Food & Drink

Recipe of the Day: Layered Pumpkin-Gingersnap Dessert

Layered Pumpkin-Gingersnap Dessert
Layered Pumpkin-Gingersnap Dessert Kraft


30 gingersnaps, finely crushed (about 1 1/2 cups)

1/4 cup butter or margarine, melted

12 ounces cream cheese, softened

1/4 cup sugar

2 cups plus 2 tablespoons milk, divided

1 tub (8 ounces) whipped topping, thawed, divided

1 can (15 ounces) pumpkin

2 packages (3.4 ounces each) vanilla flavor instant pudding

1 1/2 teaspoons pumpkin pie spice

Combine gingersnap crumbs and butter; press onto bottom of 13-by-9-inch dish. Freeze 10 minutes.

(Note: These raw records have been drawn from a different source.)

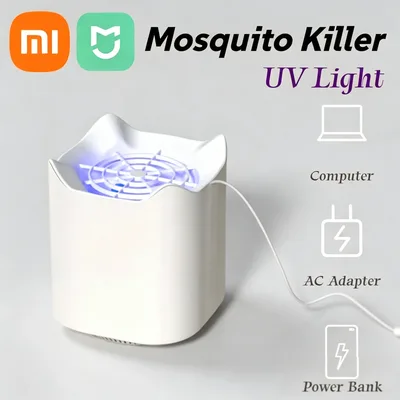샤오미 미지아 전기 모기 살충기 UV 라이트 USB 무음 트랩 파리 벌레 잡는 램프 캠핑용 가정용 침실용 퇴치기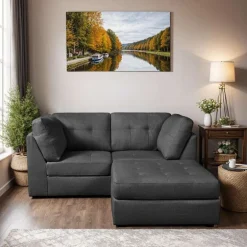 Modular Loveseat with Ottoman - 3 pcs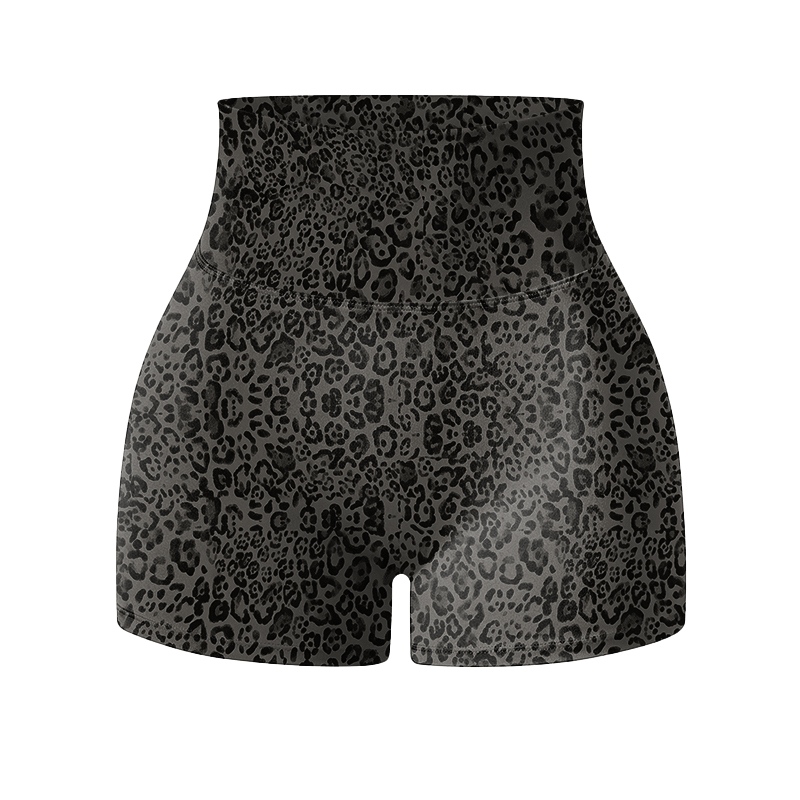 Wild Muse High Waisted Leopard Print Sculpting Yoga Shorts - image 3
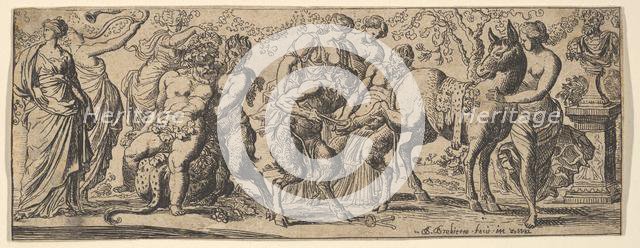 Bacchanale, 1610-42. Creator: Pierre Brebiette.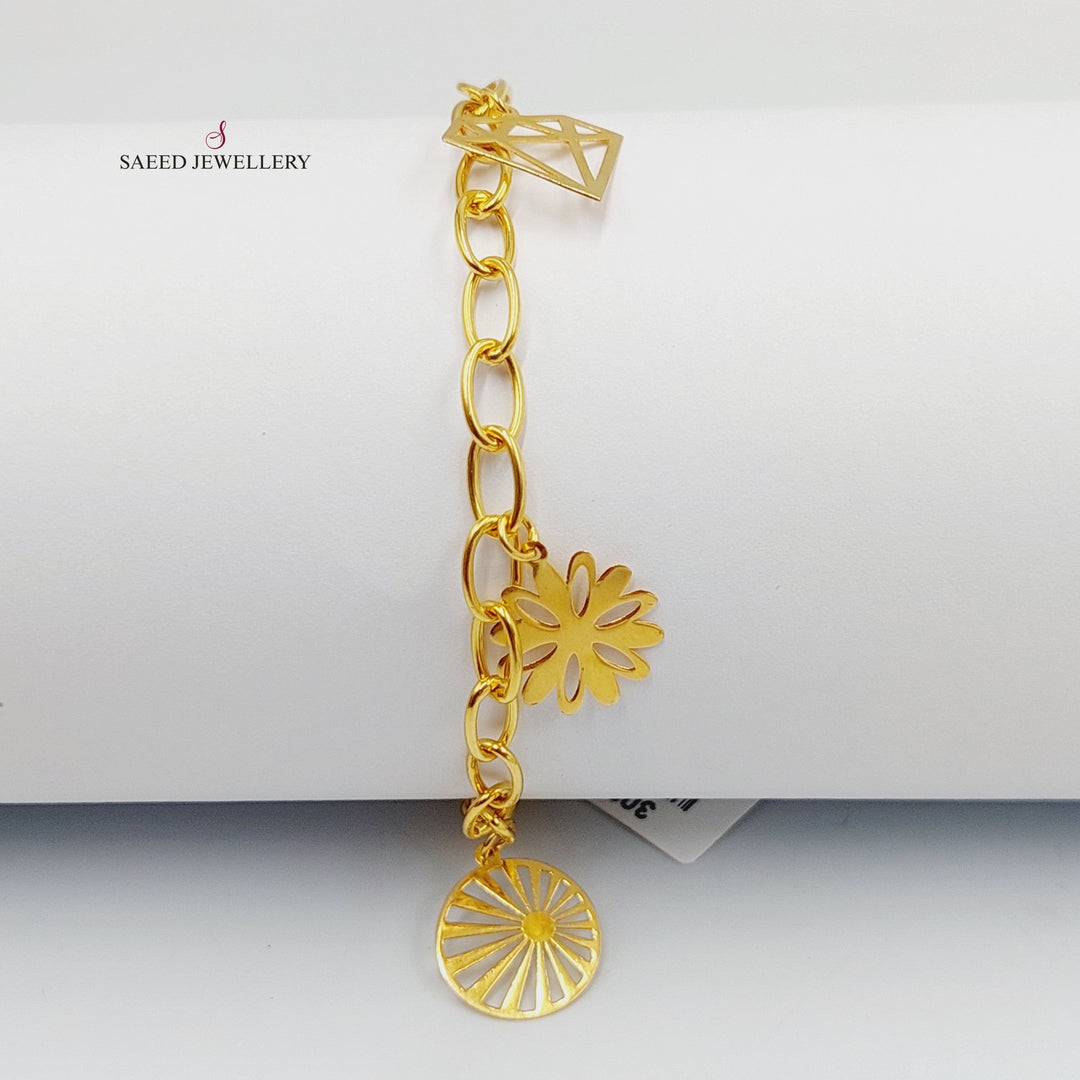 21K Gold Dandash Bracelet by Saeed Jewelry - Image 1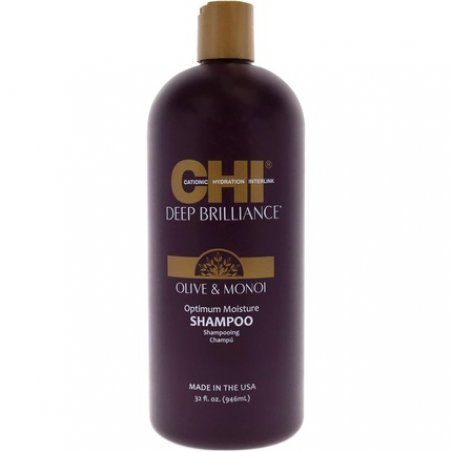 Chi Deep Brilliance Olive &amp Monoi Optimum Moisture Shampoo 946ml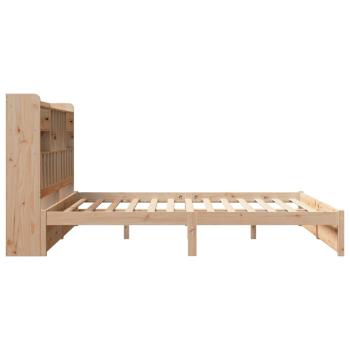 Massivholzbett mit Regal ohne Matratze 180x200 cm Kiefer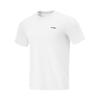 Casual Sports Simple Solid Color Round Neck Pullover Short Sleeve T-Shirt Men Tops Standard-White ATSV361-7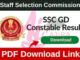 SSC GD Result 2023 PDF Download Link Check Zone-Wise Cut Off, Merit List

Beat cream cheese, sugar and 2 tablespoons milk in large bowl with mixer until blended. Add 1 1/4 cups whip topping; mix well. Spread onto crust.

Whisk pumpkin, dry pudding mixes, spice and remaining milk 2 minutes. (Mixture will be thick.) Spread over cream cheese layer.

Refrigerate 4 hours or until firm. Top with remaining whipped topping before serving.